Because a lot of what Gladiatorial combat was like has been greatly exaggerated by most media.

It's been suggested that for the most part Gladiator fights were mostly no more of a huge bloodsport than wrestling really.

The idea being that people aren't really going to want to go in for life or death fights all the time.
It's been suggested that fights to the death were very rare and watching animals rip apart gladiators was mostly a myth too.

The suggestions I've heard were that Animals were often de-clawed and gladiator training etc was centred around learning to hit people with a sword in areas that would bleed but cause little lasting damage beyond maybe a scar.
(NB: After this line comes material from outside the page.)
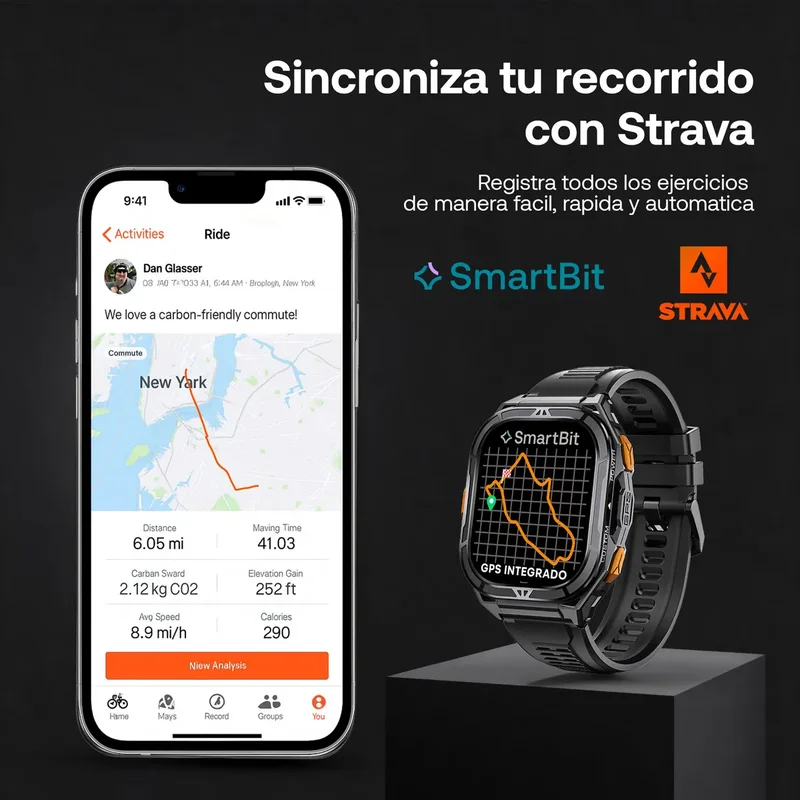 Reloj Inteligente Hombre Gps Integrado Satelital Smartbit Armor Smartwatch Sumergible 50 Metros +170 Deportes Llamadas Mensajes Acero Inoxidable Super Amoled 15 Dias De Bateria Malla Extra - Stock disponible - Deportes y Entretenimiento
Just think for a moment in a small Colosseum there would be what 1 set of events a week. You just can't keep killing replacing and training what 5 or more people each week. It's suggested a lot of it was at least in part rigged to help create fan favourites etc too very much like modern Wrestling
Yes and no. Certainly, it was cheaper not to keep killing people off, and to create fan favourites with careers.

OTOH, you had a lot of really rich people wanting to put on extravagant shows. IIRC, they had to pass a law to limit the amount of gladiators fighting, after Caesar had a show with, again IIRC, several hundred gladiators killing each other. Not cause killing people was bad, but because it meant that Caesar had a small army in the city, which worried people.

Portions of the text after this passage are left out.